Mon Mar 17, 2014, 05:08 AM

10. Interesting roadmap on how to kill off a country. Bascially, take the companies that


are doing the most to to create other companies, invest in their community, invest in training and research, split it up so that neither of the entities that remain are likely at all to do this, and even if they were there would be no money because profit is being taken off the table and debt added to the company.

And the teacher's union, along with an investment firm, is at the heart of it. - Is there a smilie for irony?

So they kill off the company that used to provide jobs at the school and at their business, a place to work when people graduated, investment in new ideas, tax base for the schools.

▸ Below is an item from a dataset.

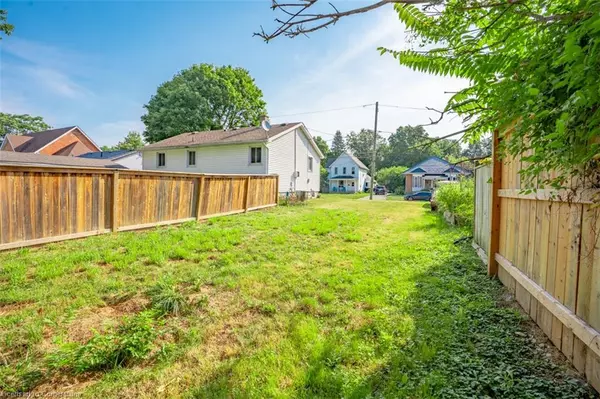 Chatham, ON N7M 4N6,34 Prince Street S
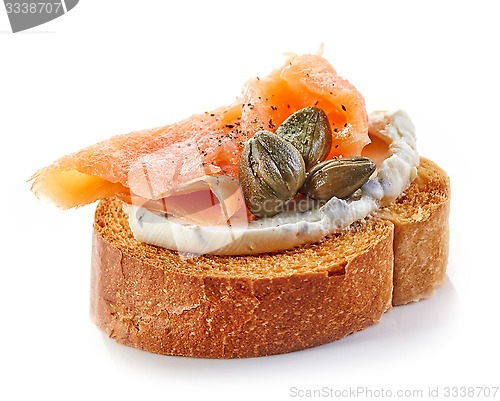 Image of toasted bread with cream cheese and salmon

Gone to put profit in people's pockets.

The teachers need to retire, but they are burning the seed corn of the people left behind. And, frankly, they may not outlive what this does to their city, state, and country. This may rid the place of the jobs for their kid's kids, along with some of the wealth of the town, home for their families and education for the kids...

FYI - this teacher's union is just part of the subject of this article. They are hardly alone - this has been going on for years. It's the breakup of the companies, motivated by easy finance and taxation policies that let them profit from such a maneuver that drive this.

As it continues it will be the ruin of tens of millions of people, and perhaps the country, despite pathetically small attempts at doing anything.

From the article:

The solution may be out of reach. Today California teachers need to protect their pensions by dismantling Ohio manufacturers. The structures of U.S. capital markets and fiscal policy reward investors whose decisions are based on maximizing returns over the short-term. While the Dodd-Frank financial reforms may cut down on some of the riskiest securitization-based investment strategies, new regulations have not created real incentives for the more patient investment that growing production in America requires.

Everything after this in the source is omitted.